INSTRUCTIONS TO FOLLOW
Copy out every line from the records that includes "Polyclonal".

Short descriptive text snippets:
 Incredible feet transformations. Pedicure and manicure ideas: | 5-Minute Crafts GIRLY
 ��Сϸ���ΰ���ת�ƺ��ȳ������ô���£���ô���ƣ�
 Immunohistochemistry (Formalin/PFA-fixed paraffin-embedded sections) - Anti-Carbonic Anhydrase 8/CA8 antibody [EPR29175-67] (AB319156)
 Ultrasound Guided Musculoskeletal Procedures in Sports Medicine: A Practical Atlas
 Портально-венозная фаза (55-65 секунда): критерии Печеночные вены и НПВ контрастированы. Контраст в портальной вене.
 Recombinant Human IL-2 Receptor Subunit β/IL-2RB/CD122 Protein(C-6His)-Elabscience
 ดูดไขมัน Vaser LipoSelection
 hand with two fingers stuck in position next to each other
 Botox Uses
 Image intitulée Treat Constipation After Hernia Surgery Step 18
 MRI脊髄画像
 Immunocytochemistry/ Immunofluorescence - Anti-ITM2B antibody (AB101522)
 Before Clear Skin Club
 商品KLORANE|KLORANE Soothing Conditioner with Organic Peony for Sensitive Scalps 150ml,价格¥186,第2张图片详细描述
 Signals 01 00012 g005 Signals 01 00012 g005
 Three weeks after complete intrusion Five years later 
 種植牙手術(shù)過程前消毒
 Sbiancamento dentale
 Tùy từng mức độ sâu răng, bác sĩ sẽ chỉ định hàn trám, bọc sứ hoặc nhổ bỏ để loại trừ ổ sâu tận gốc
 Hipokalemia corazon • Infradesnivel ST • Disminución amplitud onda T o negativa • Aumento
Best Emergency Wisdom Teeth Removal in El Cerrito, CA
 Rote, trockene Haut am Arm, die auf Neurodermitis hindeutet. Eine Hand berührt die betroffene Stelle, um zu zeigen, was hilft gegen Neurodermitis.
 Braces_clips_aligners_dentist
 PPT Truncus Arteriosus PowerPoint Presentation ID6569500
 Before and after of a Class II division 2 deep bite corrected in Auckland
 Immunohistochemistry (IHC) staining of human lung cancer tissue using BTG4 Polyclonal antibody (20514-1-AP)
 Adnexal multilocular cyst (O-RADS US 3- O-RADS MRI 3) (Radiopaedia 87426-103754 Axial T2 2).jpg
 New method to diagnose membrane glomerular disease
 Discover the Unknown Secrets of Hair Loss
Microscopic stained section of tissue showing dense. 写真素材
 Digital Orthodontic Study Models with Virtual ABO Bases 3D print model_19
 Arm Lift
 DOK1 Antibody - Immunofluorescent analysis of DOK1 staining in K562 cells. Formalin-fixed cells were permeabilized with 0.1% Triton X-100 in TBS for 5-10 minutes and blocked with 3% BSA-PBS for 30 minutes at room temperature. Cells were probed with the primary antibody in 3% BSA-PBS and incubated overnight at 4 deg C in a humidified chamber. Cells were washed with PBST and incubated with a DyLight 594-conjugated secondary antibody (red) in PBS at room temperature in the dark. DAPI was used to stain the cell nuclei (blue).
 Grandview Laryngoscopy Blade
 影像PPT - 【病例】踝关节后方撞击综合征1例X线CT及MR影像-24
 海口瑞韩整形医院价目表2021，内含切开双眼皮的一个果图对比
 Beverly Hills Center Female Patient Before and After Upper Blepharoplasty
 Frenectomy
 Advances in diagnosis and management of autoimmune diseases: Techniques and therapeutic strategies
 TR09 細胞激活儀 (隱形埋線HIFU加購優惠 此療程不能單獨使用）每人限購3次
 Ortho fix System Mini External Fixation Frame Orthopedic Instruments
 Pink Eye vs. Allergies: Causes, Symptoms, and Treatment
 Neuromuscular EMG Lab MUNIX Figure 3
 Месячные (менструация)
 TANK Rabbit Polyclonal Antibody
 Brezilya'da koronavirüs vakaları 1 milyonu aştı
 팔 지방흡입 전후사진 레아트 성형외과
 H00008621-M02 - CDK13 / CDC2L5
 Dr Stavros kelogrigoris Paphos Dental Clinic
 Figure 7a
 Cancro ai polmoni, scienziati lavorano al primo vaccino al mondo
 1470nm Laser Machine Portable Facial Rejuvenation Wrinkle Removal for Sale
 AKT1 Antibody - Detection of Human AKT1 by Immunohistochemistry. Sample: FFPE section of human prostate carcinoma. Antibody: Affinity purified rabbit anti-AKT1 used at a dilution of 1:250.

RESULT
 Immunohistochemistry (IHC) staining of human lung cancer tissue using BTG4 Polyclonal antibody (20514-1-AP)
 TANK Rabbit Polyclonal Antibody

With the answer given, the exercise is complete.